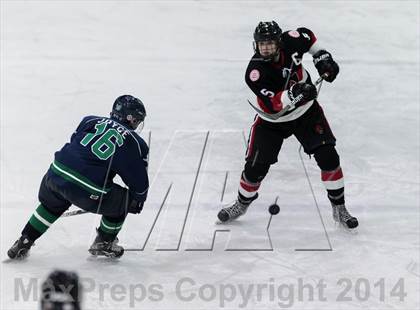Thumbnail 1 in Marquette vs Chaminade photogallery.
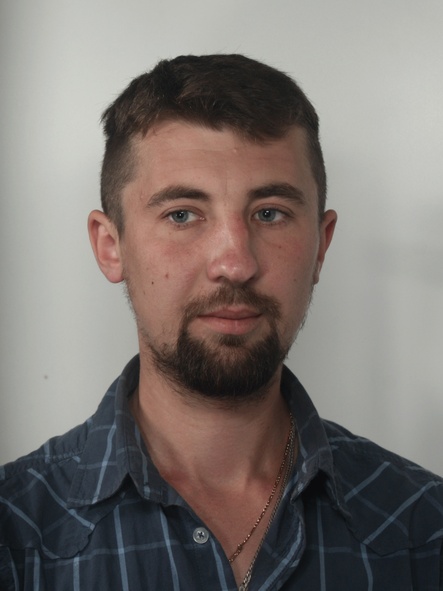 HALAS OLEKSANDR
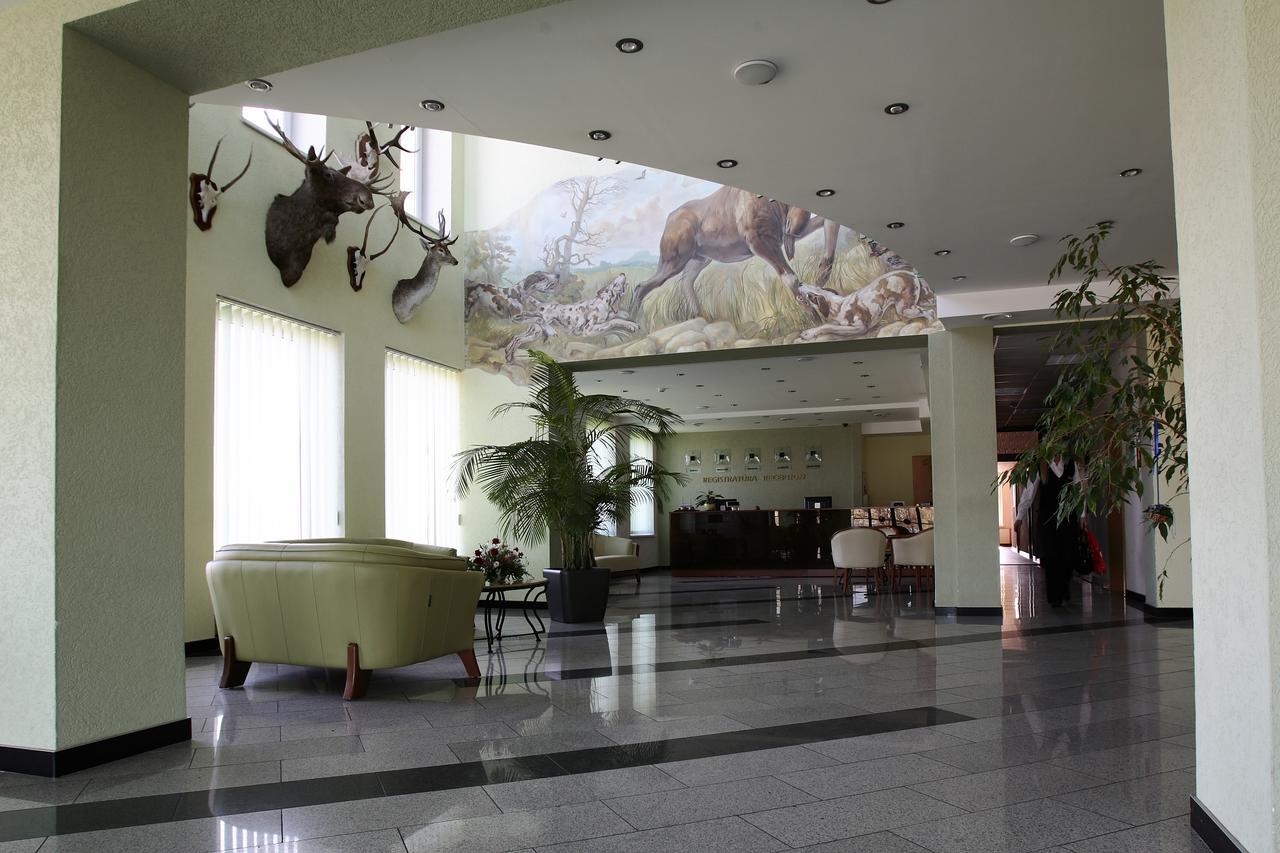 Siauliu Krasto Medziotoju Uzeiga Hotel Siauliai  Luaran gambar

> _Work instruction_: Return the full listing above exactly as written, and omit the pictures.

> _Answer to this exercise_:
Thumbnail 1 in Marquette vs Chaminade photogallery.
 HALAS OLEKSANDR
 Siauliu Krasto Medziotoju Uzeiga Hotel Siauliai  Luaran gambar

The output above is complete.